OpenSAF / Tickets / #3317 amfnd: two NEW_ACTIVE amfd in split-brain scenario

In normal case, the up flag will be reset by the mds thread whenever the amfnd receives a NEW_ACTIVE event:

    case NCSMDS_NEW_ACTIVE:
      if (evt_info->i_svc_id == NCSMDS_SVC_ID_AVD) {
        LOG_NO("AVD NEW_ACTIVE, adest:%" PRIu64, evt_info->i_dest);

        // sometimes NEW_ACTIVE director is received before
        // DOWN is received for the old director ..
        if (m_AVND_CB_IS_AVD_UP(cb)) {
          m_AVND_CB_AVD_UP_RESET(cb);
        }

That flag is also set by the amfnd main thread when amfnd process the AVND_EVT_MDS_AVD_UP event. The up flag isn't protected so it is not thread-safe.

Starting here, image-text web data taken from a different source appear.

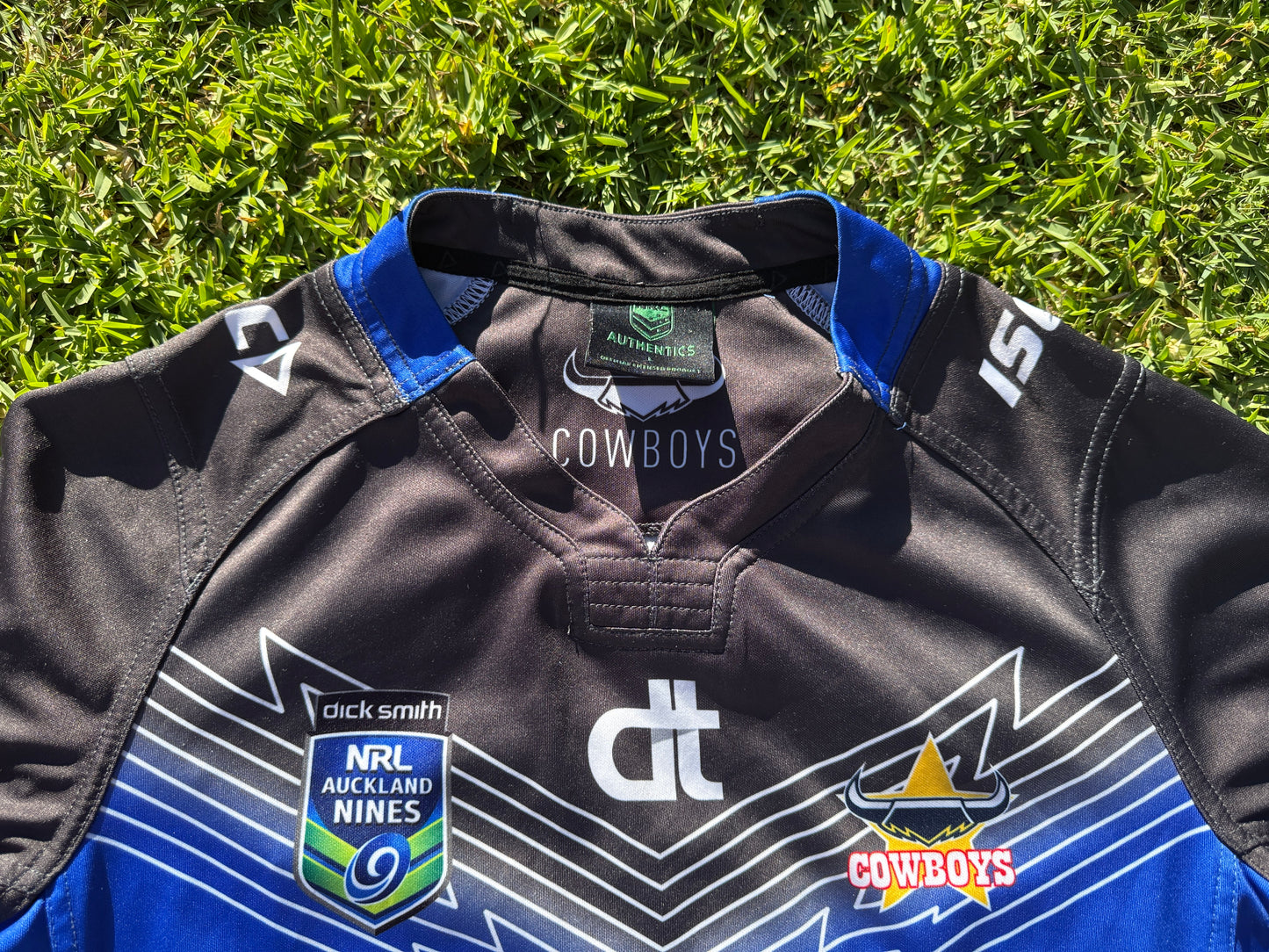 2016 NQ Cowboys Auckland 9's Jersey (L)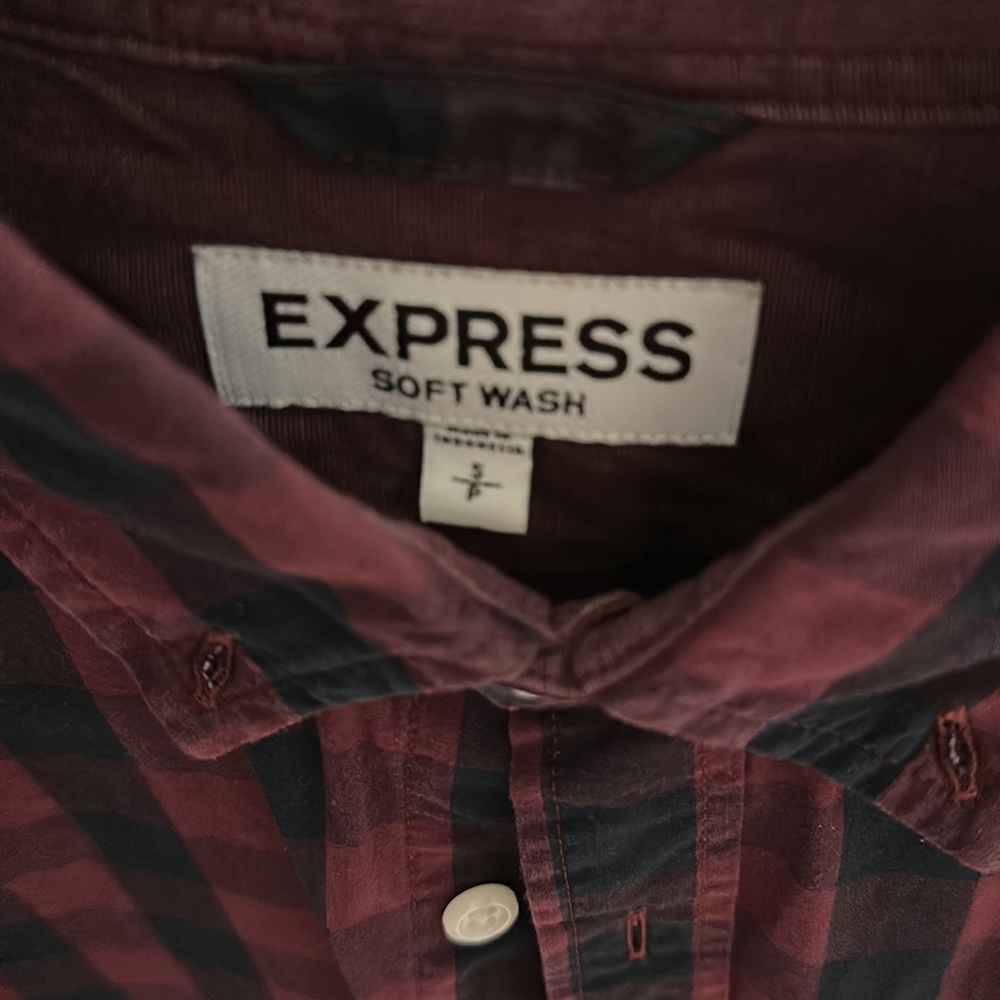 Express button down - Picture 2 of 2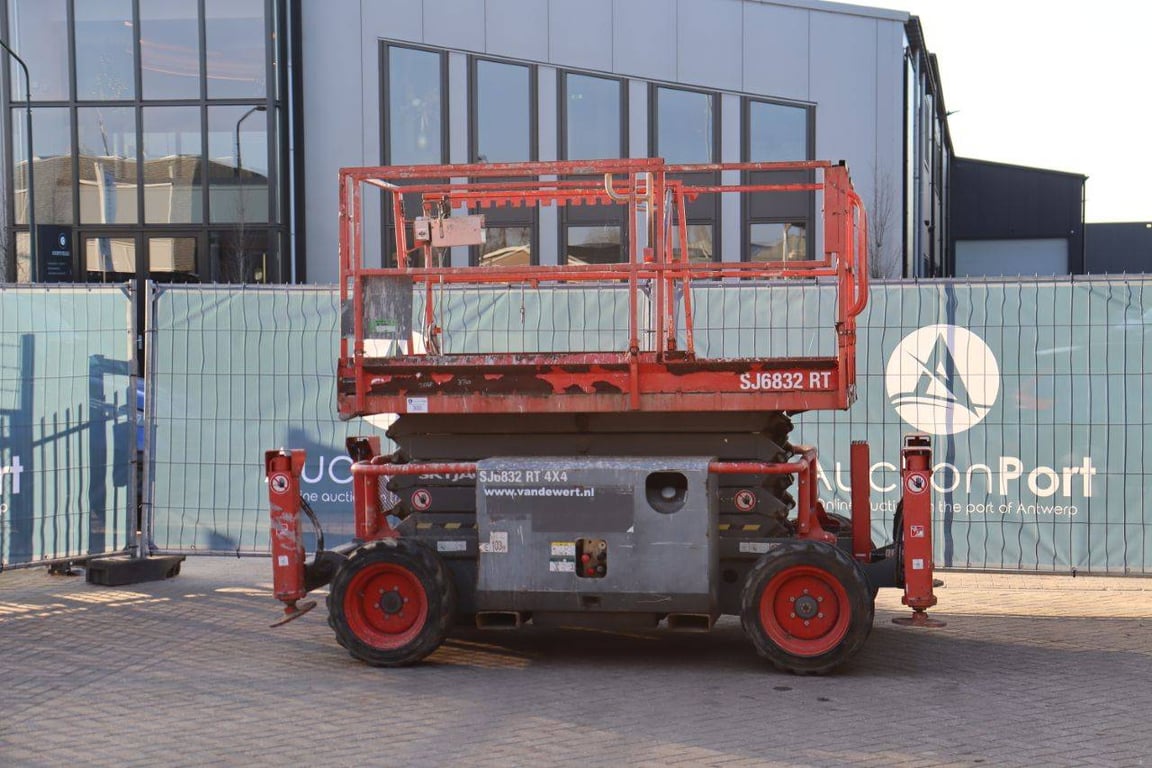 Scissor lift Skyjack SJ6832RT Diesel 12m 2015 2015 SJ6832RT 2015 1 Scissor Lifts image 3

This was what happen when the issue occurred:

Amfnd main thread	Amfnd mds thread	Up flag
	Receive NEW_ACTIVE event	True
	Reset up flag, and send AVND_EVT_MDS_AVD_UP event	False
	Receive NEW_ACTIVE event	False
	Reset up flag, and send AVND_EVT_MDS_AVD_UP event	False
Receive AVND_EVT_MDS_AVD_UP		False
Process AVND_EVT_MDS_AVD_UP		True
Receive AVND_EVT_MDS_AVD_UP		True
Process AVND_EVT_MDS_AVD_UP		True

And this is in normal case:

Amfnd main thread	Amfnd mds thread	Up flag
	Receive NEW_ACTIVE event	True
	Reset up flag, and send AVND_EVT_MDS_AVD_UP event	False
Receive AVND_EVT_MDS_AVD_UP		False
Process AVND_EVT_MDS_AVD_UP		True
	Receive NEW_ACTIVE event	True
	Reset up flag, and send AVND_EVT_MDS_AVD_UP event	False
Receive AVND_EVT_MDS_AVD_UP		False
Process AVND_EVT_MDS_AVD_UP		True

Hieu Hong Hoang - 2022-06-14

status: accepted --> review
If you would like to refer to this comment somewhere else in this project, copy and paste the following link:

Hieu Hong Hoang - 2022-07-21

status: review --> accepted
If you would like to refer to this comment somewhere else in this project, copy and paste the following link:

Mohan Kanakam - 2022-07-22

Hi Hieu,
Just to reproduce this ticket, can you please let me know how are you splitting the network into separate partitions and then how are you able to merge the networks. I assume, you are doing it on virtual machines?
Thanks

If you would like to refer to this comment somewhere else in this project, copy and paste the following link:

Hieu Hong Hoang - 2022-07-25

Hi Mohan Kanakam,

I'm using "lxc" to run the cluster and tool "iptables" to split/merge network. I reproduce this ticket as follow:

Add 5 seconds delay before promoting active by changing the fmd configuration(/etc/opensaf/fmd.conf):

export FMS_PROMOTE_ACTIVE_TIMER=500 # 5 second

Cluster have 5 SCs:

SC-1 ACT : SC-2 QSC : SC-3 QSC : SC-4 QSC : SC-5 STB ^ ^ ^ ^ ^ | | | | | ---------------------------------------------

(ACT: active, STB: standby, QSC: quiesced)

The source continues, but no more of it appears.